I have a B3030. The 4x4 doesn't work. When shifting, I can feel the gears shift in to each other. So I'm assuming the problem is after the transmission. Maybe a busted driveshaft, broken gear etc in the front end? I looked at an assembly diagram for the 4x4 system. It's over my head, lot of parts in there. Anyone know these tractors well enough to point me in the right direction? 

This tractor has been a POS since day one. Bought it used from some Amish guy.....NEVER trust the Amish. To add insult to injury, guy I bought it from filled the rear tires with WATER. That's all well and good in warm climates. Tires are frozen solid, literally. The thing has zero traction. I got it stuck in the grass today. Yes, stuck in the grass, not snow, not mud, but grass. Anyone wanna buy a piece of crap Kubota? Some key features: Underpowered, crappy hydro trans, weak ass loader, crappy 4x4, hard to start, slow, pathetic 3 point lift ability. Comfy seat though.


----------



## fire (Mar 22, 2008)

I will give you $200.00 for it


----------



## Moose's Mowing (Oct 6, 2012)

^^lol.

I'm half tempted to take that offer. I'm so sick of fixing this pile of junk I'll soon be ready to give the damn thing away.


----------



## fire (Mar 22, 2008)

When your ready I can send you my number I will pick it up


----------



## hanse1bd (Oct 26, 2013)

When you say you got stuck on grass, were the rear tires spinning? 

I had a John Deere 4100 and thought that my hydrostat transmission was going out. Wouldn't climb a snowy hill one day, motor wasn't loading down and tires didn't break loose and spin like they normally would on this hill. I was just about ready to have the Dealership pick it up for a rebuild. Long story short, I happened to look over the fender and noticed the rim spinning inside the tire. The tire was loaded, but flat (no air pressure). Couldn't tell by looking at it. I put some air in the tire and that fixed my problem. Plenty of power to the ground after that.


----------



## Moose's Mowing (Oct 6, 2012)

getting stuck in the grass was just insult to injury. To be fair, not the tractors fault. The previous owner told me he filled them tires with beet juice. That's a load of poo-poo cause the tires are frozen solid, since they're rock hard, they have next to zero traction and the 4x4 doesn't work....perfect storm. Getting stuck in the back yard in grass pissed me off enough to unload this pile of crap. It's been a fight since day one.


----------



## SnowFakers (Dec 31, 2012)

Im real happy with my B7100. Not sure what model yours is but mine does more than I ask it to do. Just shy of 5k hours and the motor still fires right up after cycling the plugs twice.

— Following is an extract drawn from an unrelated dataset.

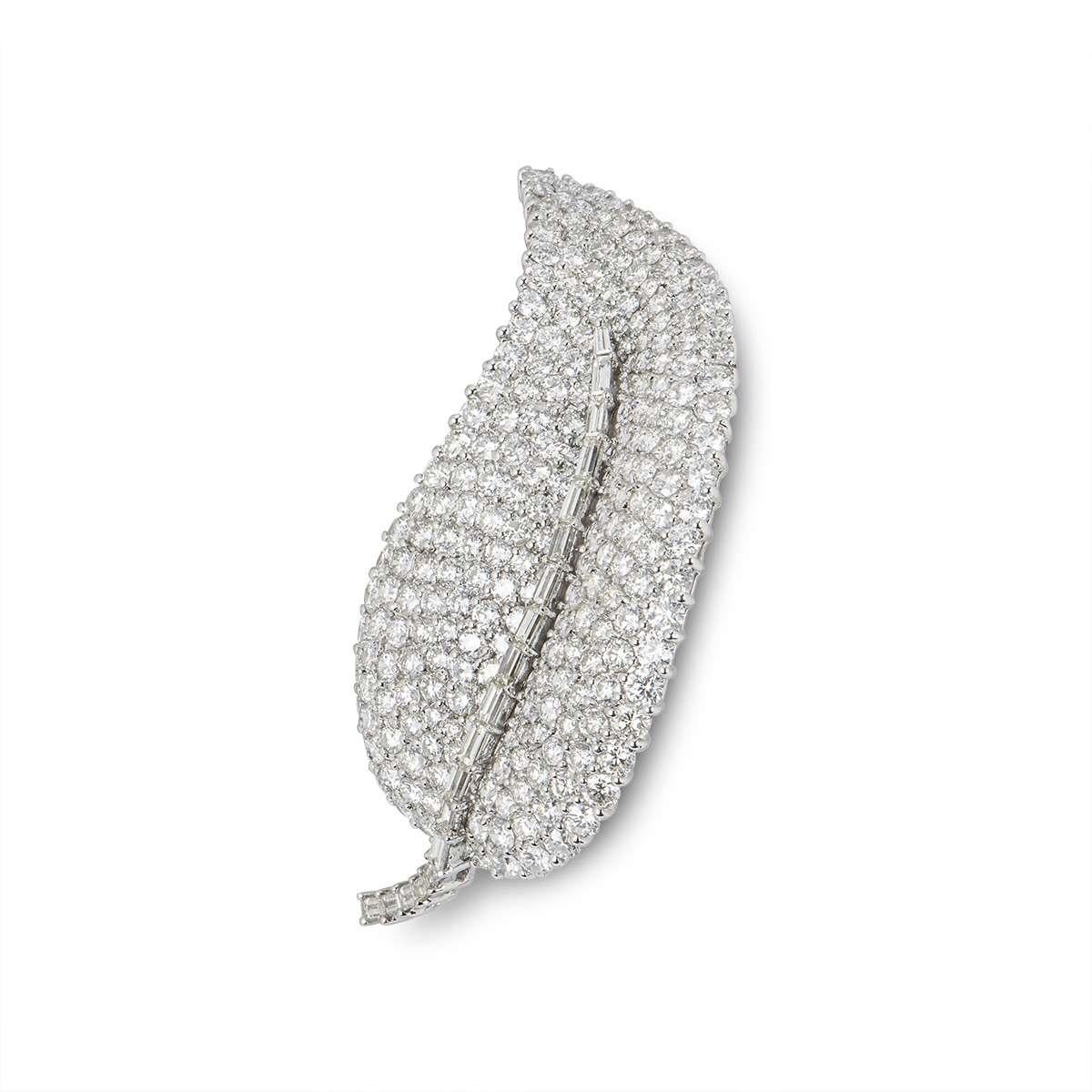 An 18k white gold diamond set leaf brooch. The body of the brooch is composed of round brilliant cut diamonds, each individually claw set, accentuated by the stem composed of claw set baguette cut diamonds. The diamonds total approximately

Edit: After looking at tractordata.com, your tractor is a bit bigger than mine, and has a bit more lifting power. I looked through the 4x4 schematic and you are on your own there


----------



## Moose's Mowing (Oct 6, 2012)

I'm a little hesitant to tear into the front axle cause it looks like there's a lot going on in there. Just a tad more than a regular truck axle to say the least. I'm sure it's not that much more difficult, but I'm leery. Either way, I hate the stupid thing.


----------



## contractor078 (Dec 23, 2009)

i am in newark de working if you want to unload i would take it off your hands. what do you want for it?


----------